Dataset items
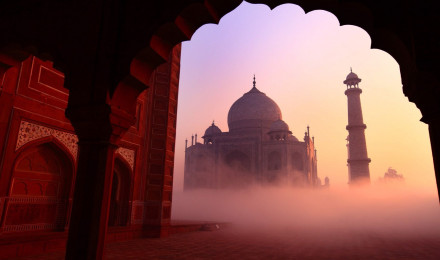 Taj Mahal at sunrise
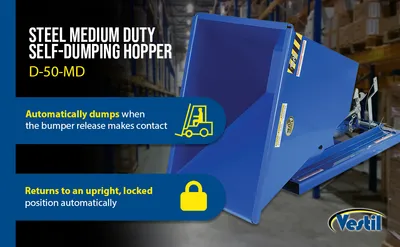Vestil D-50-MD d style - self-dumping steel hoppers with bumper release feature highlights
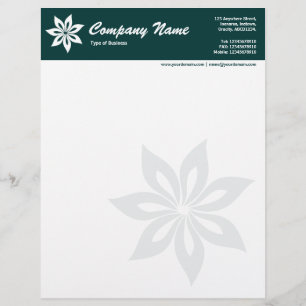 Flower - Dark Green Letterhead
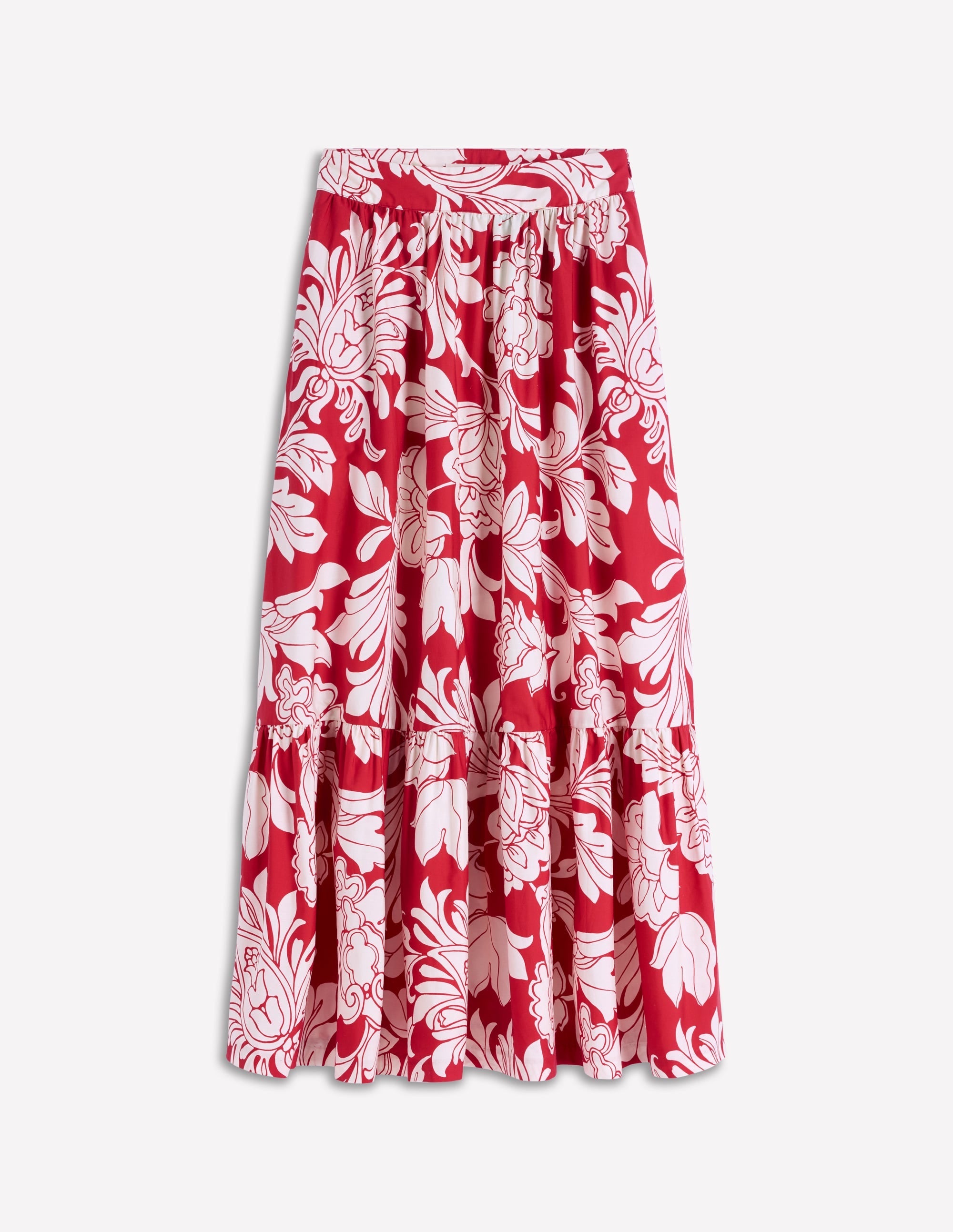 Abigail Poplin Maxi Skirt-Salsa, Delicate Blossom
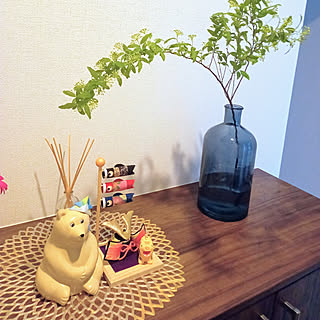 玄関/入り口/こでまりの花/一人暮らし/中古を買ってリノベーション/しろくま貯金箱...などのインテリア実例 - 2022-04-05 00:53:08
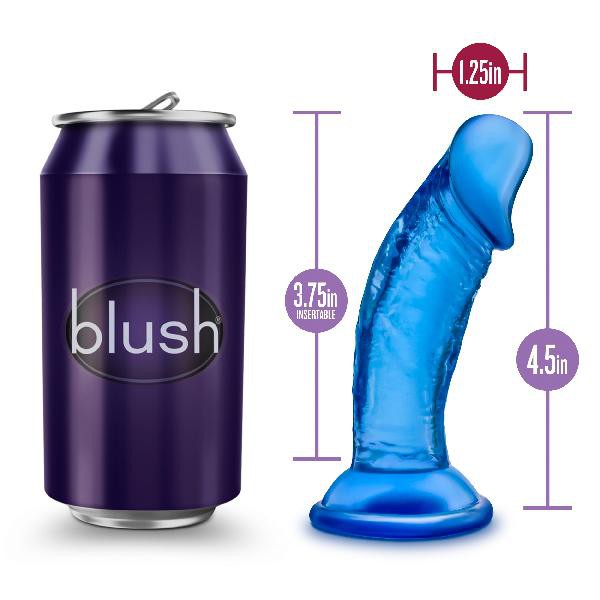B Yours Sweet N Small Dildo with Suction Cup  4in Blue — image 6 of 7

TASK PROMPT: Set down all the lines above exactly as they appear, with no pictures.

WRITTEN RESPONSE:
 Taj Mahal at sunrise
Vestil D-50-MD d style - self-dumping steel hoppers with bumper release feature highlights
 Flower - Dark Green Letterhead
 Abigail Poplin Maxi Skirt-Salsa, Delicate Blossom
 玄関/入り口/こでまりの花/一人暮らし/中古を買ってリノベーション/しろくま貯金箱...などのインテリア実例 - 2022-04-05 00:53:08
B Yours Sweet N Small Dildo with Suction Cup  4in Blue — image 6 of 7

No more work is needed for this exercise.